Thursday, July 27, 2017

Dial Daily Bread: The "Mind of Christ" Triumphs Over All Sin

Dear Friends of "Dial Daily Bread,"

The apostle Paul writes about the gospel. Some good Christian people say we rely too heavily on him, but the Lord inspired him to write fourteen of our twenty-one New Testament "epistles." The Lord inspired dear Peter to write two (he had shamefully denied Christ on that fateful Friday and then repented): "Therefore, since Christ suffered for us in the flesh, arm yourselves also with the same mind" (1 Peter 4:1; Paul put it this way, "Let this mind be in you which was also in Christ Jesus," Phil. 2:5).

Both apostles are concerned with our "flesh" which we all have by natural birth, and "the mind" of Christ, which we have to acquire. The latter is to rule over the former. "The mind of Christ" is much stronger; the lusts and passions and depravity and selfishness that "the flesh" would impose on us are more than cancelled by a "new mind" that we are willing to receive--the process is that simple. Peter says "arm yourselves" with that "mind." Paul says, "let this mind" come in when it knocks at your door. It's as though God stands by you like a valet holding this "armor" for you to put on like a policeman "arms" himself with a bullet-proof vest.

But Peter says something else: Christ's sufferings were in the same "flesh" that we have by nature. Ours is sinful to the core. When Christ was "sent" from heaven, He came with a sinless nature.
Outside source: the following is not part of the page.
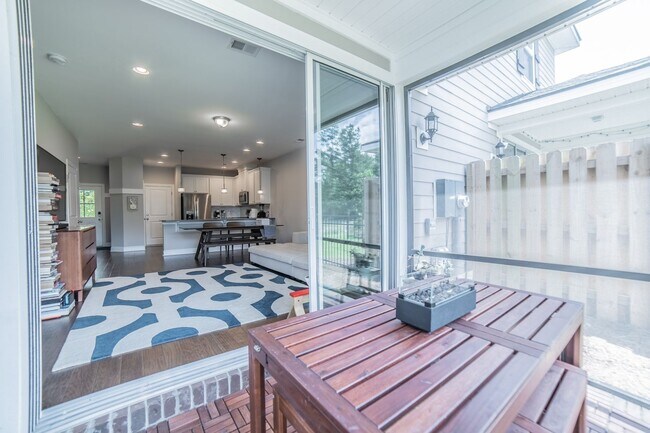 Building Photo - Coming Available! 3 Bedroom, 2.5 Bath Townhome!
He did not "have" our sinful nature naturally; He had to "take" it onto His sinless nature if He was to save us from our ongoing sin in the "flesh."

Therefore we read that God "sent His own Son in the likeness of sinful flesh, on account of sin: [but] He condemned sin in the flesh" (Rom. 8:3). He "shared in the same" which we have, "made like [not unlike] His brethren" (Heb. 2:14, 17). The King James Version is more vivid: He "took part of the same."

The glorious result? That we "no longer should live the rest of [our] time in the flesh for the lusts of men, but for the will of God" (1 Peter 4:2). "Flesh" is what Jesus "took" and it's the same "flesh" we have by nature. That "mind of Christ," if you open the door to "let" it in, triumphs over all the sin the devil can tempt you to fall into.

--Robert J. Wieland

From the "Dial Daily Bread" Archive: October 22, 2003.